Ataque israelí mata soldados de ONU

Se teme que otros dos miembros de las fuerzas de paz de ONU también estén muertos.

En momentos en que Israel afirma que creará una zona de seguridad en el sur, un alto funcionario del Hezbollah reconoció que las guerrillas no esperaban una respuesta de tal magnitud por parte de Israel cuando secuestraron a dos soldados israelíes el 12 de julio.

Una nueva andanada de cohetes del Hezbollah azotó el norte de Israel, provocando la muerte de una adolescente. El líder del grupo, el jeque Hassan Nasrallah, emitió un mensaje grabado por la televisora Al-Manar, perteneciente a Hezbollah, donde afirma que las guerrillas comenzarán a disparar cohetes que penetren aún más en territorio israelí.
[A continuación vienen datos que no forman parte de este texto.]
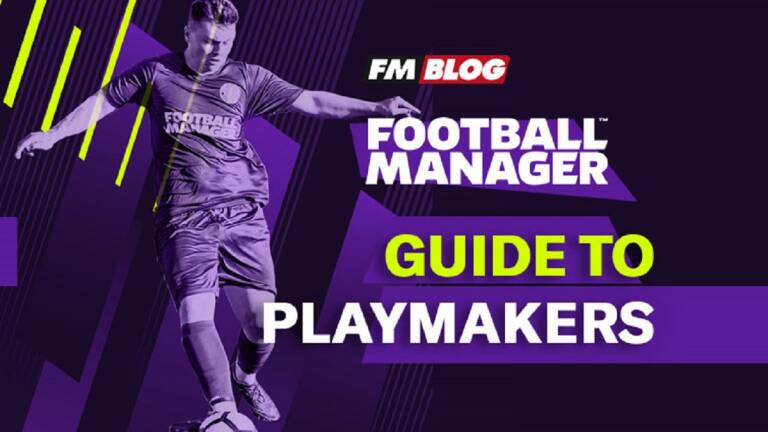 Penjelasan Peran Playmaker | FM Blog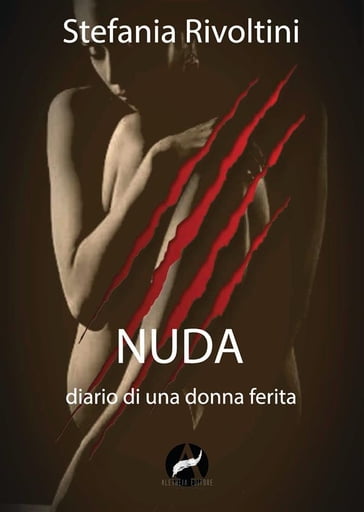 Nuda. Diario di una donna ferita - Stefania Rivoltini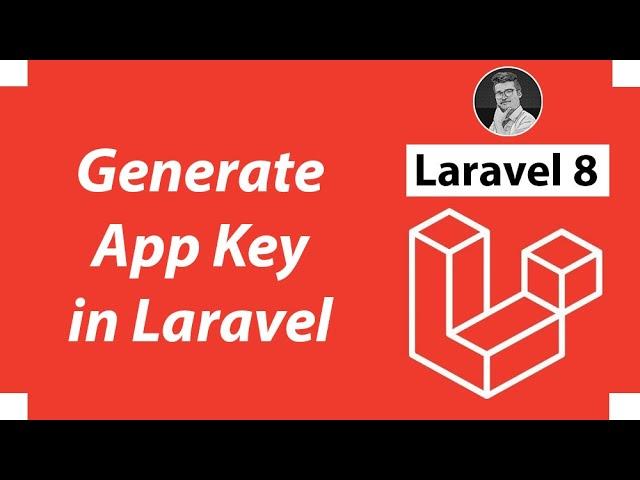 How to Generate App Key in Laravel | Laravel 8 Tutorial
La secretaria de Estado norteamericana Condoleezza Rice y otros diplomáticos llegaron a Roma para una reunión hoy en la que se analizarán propuestas para lograr la suspensión de los combates, los cuales han cobrado más de 400 vidas. Los asuntos cruciales son cómo desarmar al Hezbollah y armar una fuerza internacional de paz que haga valer el cese al fuego en la frontera entre Israel y Líbano. (ver página 3)

Por su parte, el secretario general de la ONU, Kofi Annan, dijo que el ataque israelí al puesto de observación fue «aparentemente deliberado» y le exigió a Israel que investigue. Una bomba arrojada por un caza israelí alcanzó directamente al puesto ubicado en el poblado de Khiyam, cerca del sector este de la frontera, señalaron autoridades de la ONU.

Dos soldados del organismo murieron y se teme que otros dos también hayan fallecido bajo los escombros, indicó Annan. Murieron observadores de Canadá, China, Austria y Finlandia pero se desconoce de cuáles de ellos se había confirmado la muerte.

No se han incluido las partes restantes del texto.